Bioplastics are nothing new - vegetable fats and oils, corn starch and pea starch are all used in existing types - but this will be a first for the tomato world.
The two companies, along with partners Procter & Gamble, Coca-Cola and Nike, hope to transform the tomato skins, peels, stems and seeds - all byproducts in the creation of its sauces into useable plastics.
Heinz says it has long been exploring ways to recycle and repurpose these leftovers.
“We are delighted that the technology has been validated,” Heinz packaging R&D boss Vidhu Nagpal said.
“Although we are in the very early stages of research, and many questions remain, we are excited about the possibilities this could produce for both Heinz and Ford, and the advancement of sustainable 100 percent plant-based plastics.”

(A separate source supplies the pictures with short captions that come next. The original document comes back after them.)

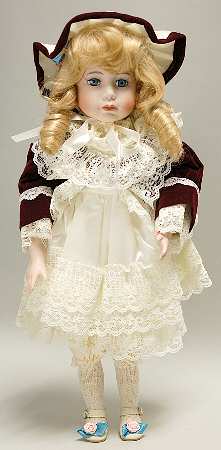 Classic Creations Dolls Candace - Boxed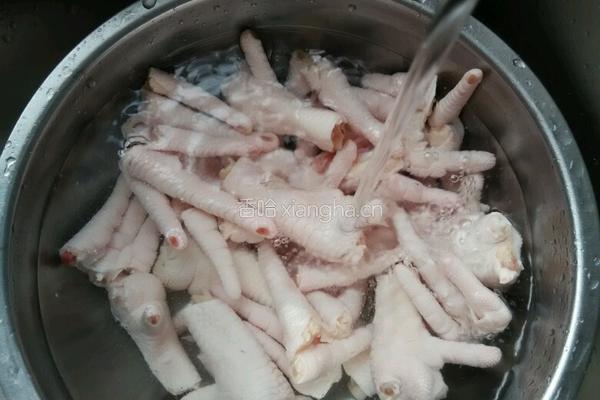 泡鸡爪的做法图解2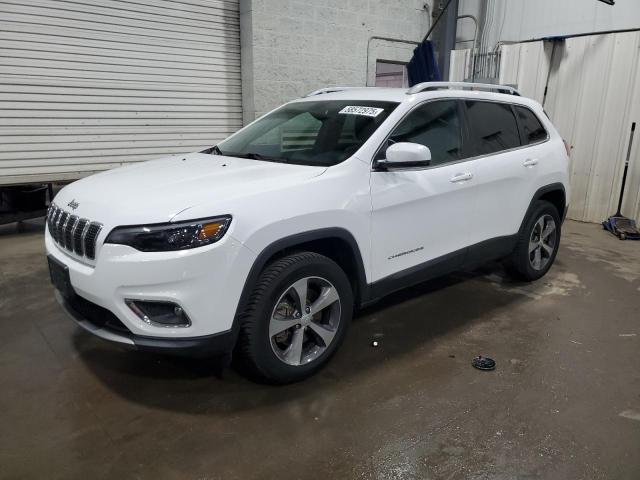 Vin: 1c4pjmdx3ld508938, lot: 58572975, jeep grand cher limited 2020 img_1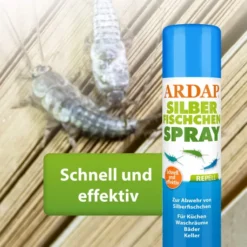 Ardap Repell Silberfisch-Spray 400 ml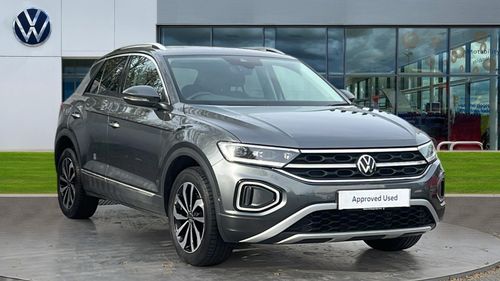Volkswagen T Roc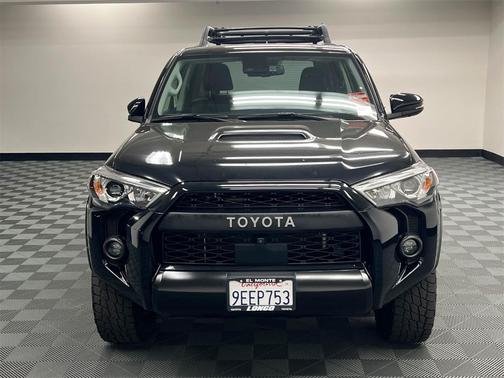 2023 Toyota 4Runner TRD Pro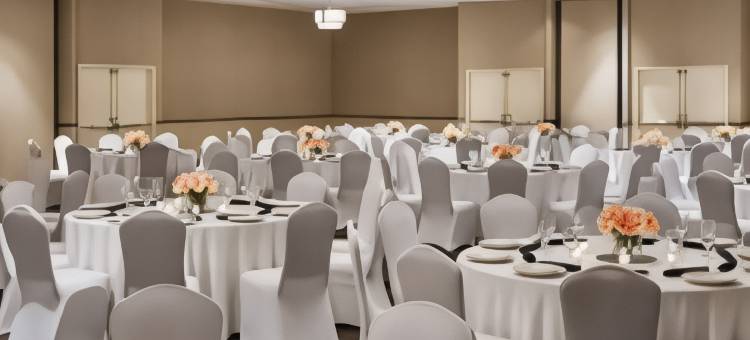 小石城中城福朋喜来登酒店(Four Points by Sheraton Little Rock Midtown)图片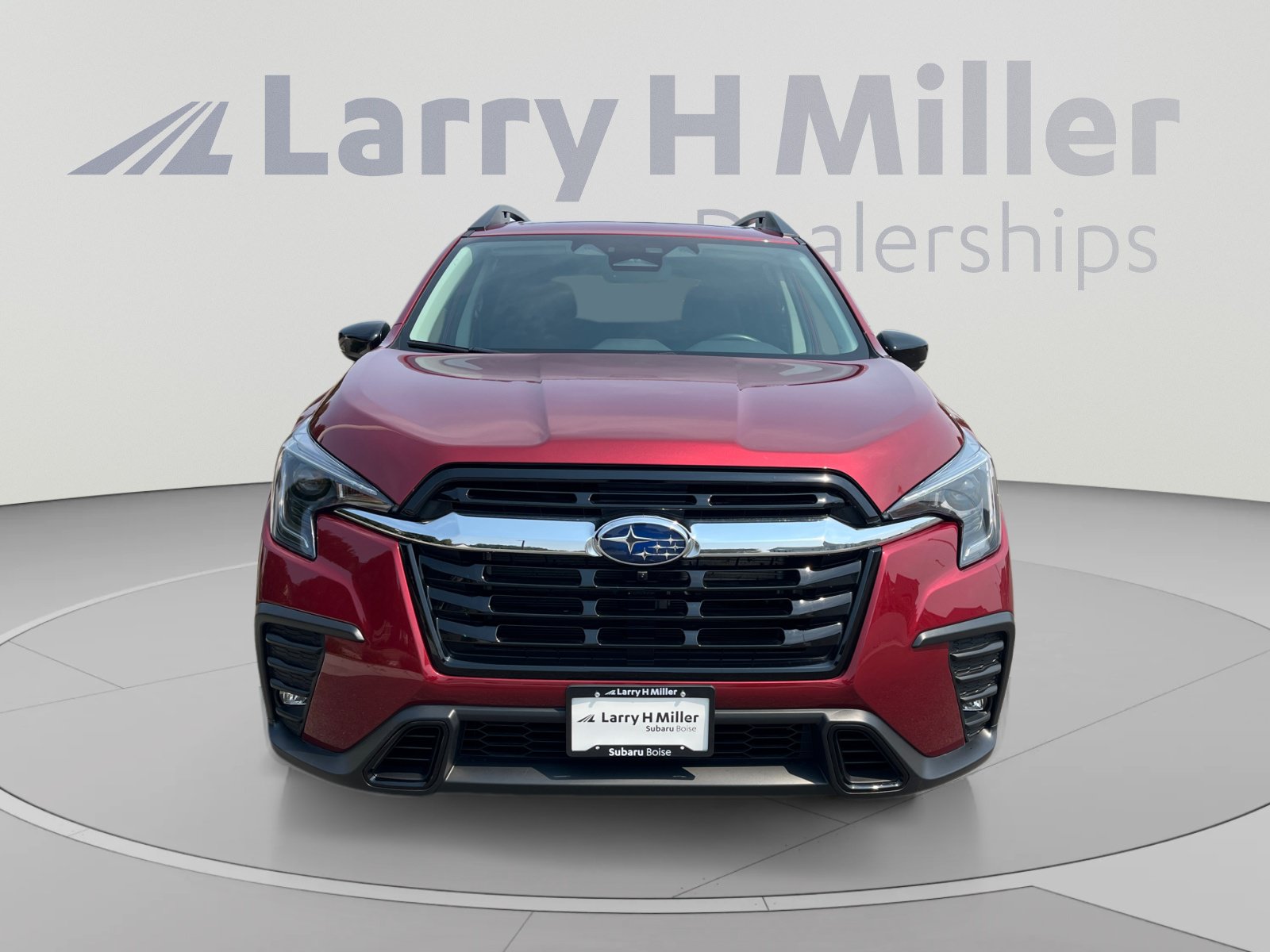 Certified 2026 Subaru Ascent Limited AWD/4WD image 8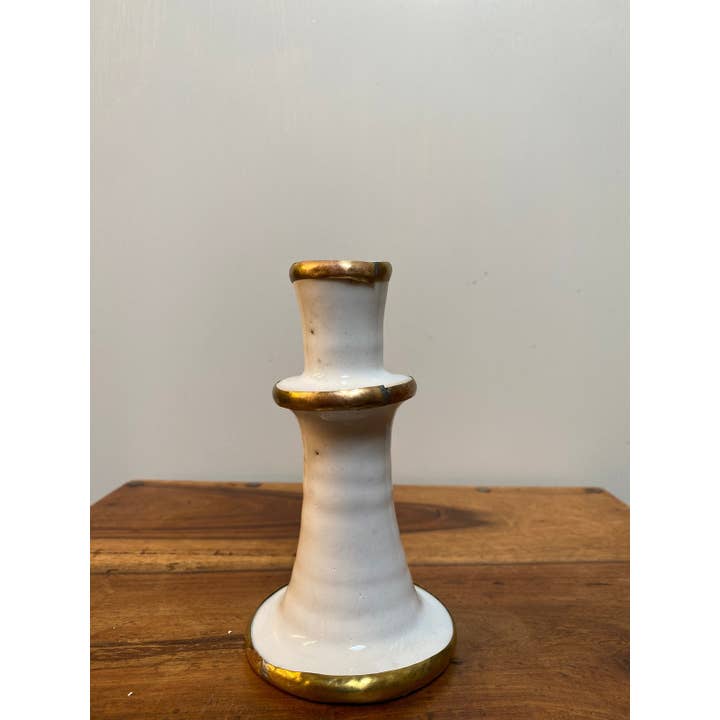 Candelabro - Blanco para venta al por mayor de Twizzell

In Ford's case, the plastics could potentially be used in interior and exterior components for future models, while Heinz, Nike, Coca-Cola and Procter & Gamble would focus on packaging and other consumer products.
"We are exploring whether this food-processing byproduct makes sense for an automotive application," Ford plastics research Ellen Lee said.

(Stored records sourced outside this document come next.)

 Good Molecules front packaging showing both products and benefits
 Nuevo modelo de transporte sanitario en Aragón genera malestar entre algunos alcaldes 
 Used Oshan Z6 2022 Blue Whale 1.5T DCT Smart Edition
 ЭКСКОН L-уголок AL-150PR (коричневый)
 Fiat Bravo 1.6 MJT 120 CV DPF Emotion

"Our goal is to develop a strong, lightweight material that meets our vehicle requirements, while at the same time reducing our overall environmental impact."

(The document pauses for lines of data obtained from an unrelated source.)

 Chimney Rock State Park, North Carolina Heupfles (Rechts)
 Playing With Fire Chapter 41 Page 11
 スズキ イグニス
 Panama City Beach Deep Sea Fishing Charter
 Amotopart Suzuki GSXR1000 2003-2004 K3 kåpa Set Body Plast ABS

Ford already uses eight types of recycled and bio-plastics materials in various models, including coconut-based composites, rice hulls in electrical brackets, recycled cotton and soy foam seat cushions and head restraints.
Elsewhere, Toyota has reduced CO2 emissions from parts manufacturing by 20 percent through the use of bio materials, including soy-based seat cushions and other components.